Survival of the Black Press, particularly papers owned by Sengstacke, hinged on one thing, cultivating a relationship with the community, he stressed to his family and publishers of his other papers.

The Michigan Chronicle, another Sengstacke paper, heeded that message.

“The most important thing I remember him saying to me after he learned I was going to replace (the late) Longworth Quinn as publisher was, ‘As long a you live, do everything humanly possible to take care of the community we serve, and they’ll take care of you.’ There’s truth to that. I always remember that and that’s how we’ve been able to survive. He was smart. He was a survivor,” said Samuel Logan, publisher of the Michigan Chronicle.

Charles Davis worked under Sengstacke’s administration and recalled his boss as a “private man” and an “inspiration.”

“He was fair and did a great job continuing his uncle’s legacy. He also had access to top leaders in government,” said Davis who served as a reporter, city editor, director of public relations and director of advertising during his time with the Defender.
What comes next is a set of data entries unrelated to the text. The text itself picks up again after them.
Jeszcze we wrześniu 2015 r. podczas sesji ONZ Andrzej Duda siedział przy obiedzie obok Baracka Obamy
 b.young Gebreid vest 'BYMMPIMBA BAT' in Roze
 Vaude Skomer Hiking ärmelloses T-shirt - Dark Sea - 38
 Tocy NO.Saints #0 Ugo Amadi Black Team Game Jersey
When reflecting on the legacy of the Defender started by Abbott and continued with Sengstacke, Chicago historian Timuel Black said there was no other paper that gave Blacks from all over access to their own community.

The paper was a staple in the Black’s “Old Black Belt,” now-Bronzeville home. He became a paperboy for the Defender before he hit a double-digit age and never strayed away, he said.

“It was always respected and everyone read it. It was delivered to the Army camps I served in overseas –– Europe, Normandy and Germany –– from 1944 to 1945. It gave us access to our community. It promoted our music such as Duke Ellington; sports such as the Harlem Globetrotters and Negro Baseball League; and the armed forces, including the Tuskegee Airmen,” said Black.

The retired Rev. Clay Evans of Fellowship M.B. Church, a well-known community activist in his heyday, spoke about the Defender’s legacy.

“With the changes that were taking place in the community, like the civil rights movement in the South and in Chicago and the race riots, the Defender gave us the flavor that noone else could. It had real contact with the community and played a major role in us getting the side of the story that we could relate to,” said Evans.

Sengstacke died in May 1997. Nearly four years later, President William Clinton posthumously presented him with the Presidential Citizens Medal.